Adriano: Irene riesce ad ottenere molti finanziamenti e questa è una grande fortuna per noi perché ci permette di rischiare di più e di portare avanti buoni progetti di ricerca avendo ottimi strumenti a disposizione.  

Ci raccontate una vostra giornata tipo?  

Gaia: La nostra giornata inizia alle 9 ed è densa di esperimenti, riunioni, analisi e studio. Questo è un lavoro che non ha orari stabiliti per cui spesso la giornata lavorativa si prolunga fino a tardi. Per questo motivo è fondamentale trovarsi bene con i compagni del proprio gruppo di ricerca. E devo dire che noi siamo molto affiatati. 

Cosa cambiereste nel modo di fare ricerca?

Gaia: La pressione del numero (mediane, citazioni, articoli), specialmente del numero di articoli. Molte persone abbandonano la ricerca per via della pressione. Notoriamente il nostro non è un lavoro estremamente remunerativo rispetto al carico di ore lavorative, quindi tutto questo sommato alla pressione dei numeri può diventare opprimente. Un altro aspetto è che non abbiamo facilities interne all’università e questo rallenta molto il lavoro in un mondo che richiede molta velocità.  

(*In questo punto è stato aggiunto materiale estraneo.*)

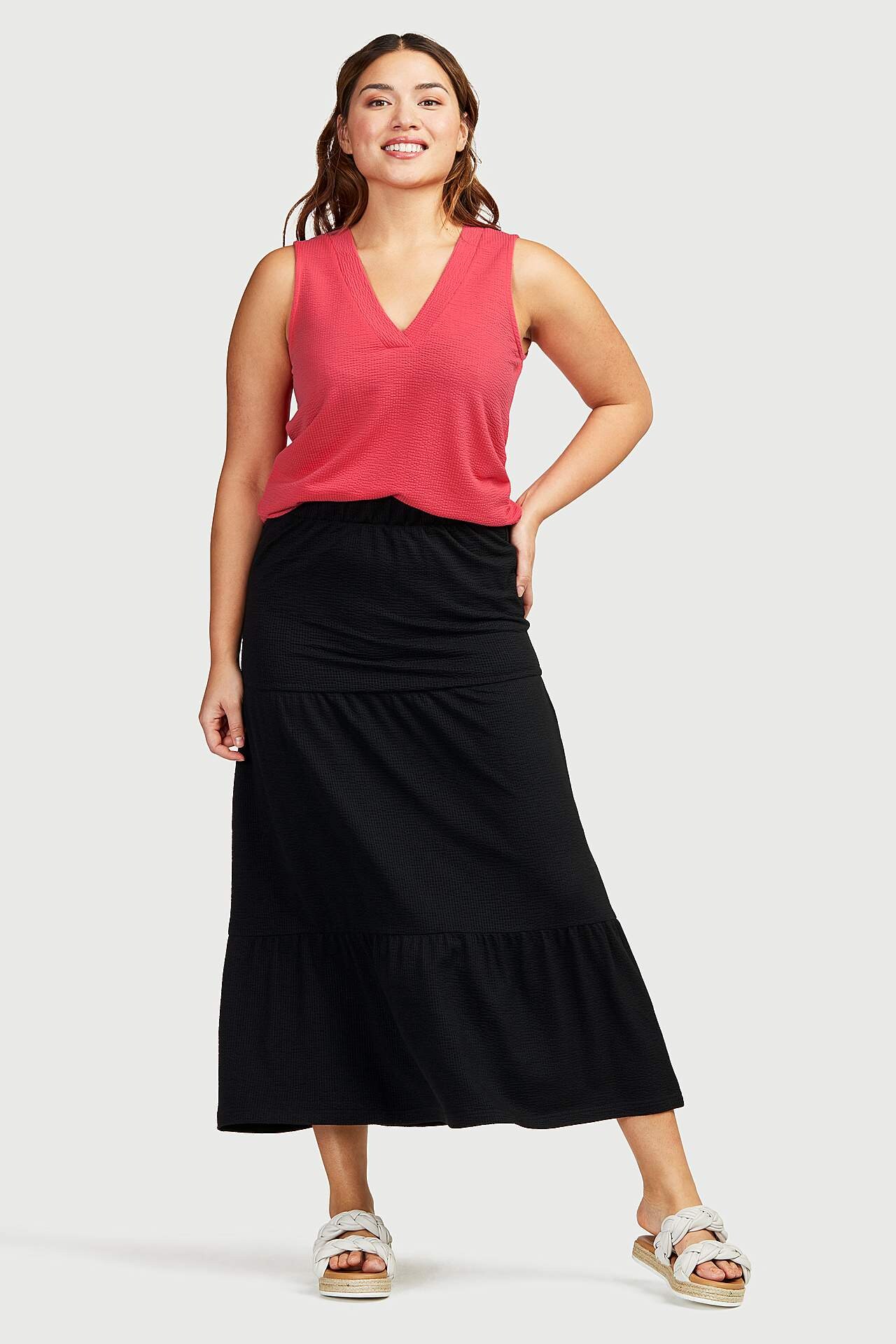 Trikotāžas tops bez piedurknēm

non sempre dalle domande che ci poniamo otteniamo la risposta che desideriamo, ma non vuol dire che quelle non erano le domande giuste (A.S)

Adriano: La dinamica del publish or perish: è una logica di mercato per cui un ricercatore ha una forte pressione di pubblicare per ottenere dei finanziamenti. Questa cosa, secondo me, è una contraddizione per quello che è il senso della scienza, perché non sempre dalle domande che ci poniamo otteniamo dei risultati che portano ad un paper, ma non vuol dire che quelle domande non era giusto porsele. Oggi paga la pubblicazione, il risultato e la storia. Avere l’urgenza di pubblicare dei dati genera delle dinamiche sbagliate e un sacco di confusione e stress. Tanti ottimi studenti e ricercatori lasciano questo ambiente perché sopraffatti dallo stress. 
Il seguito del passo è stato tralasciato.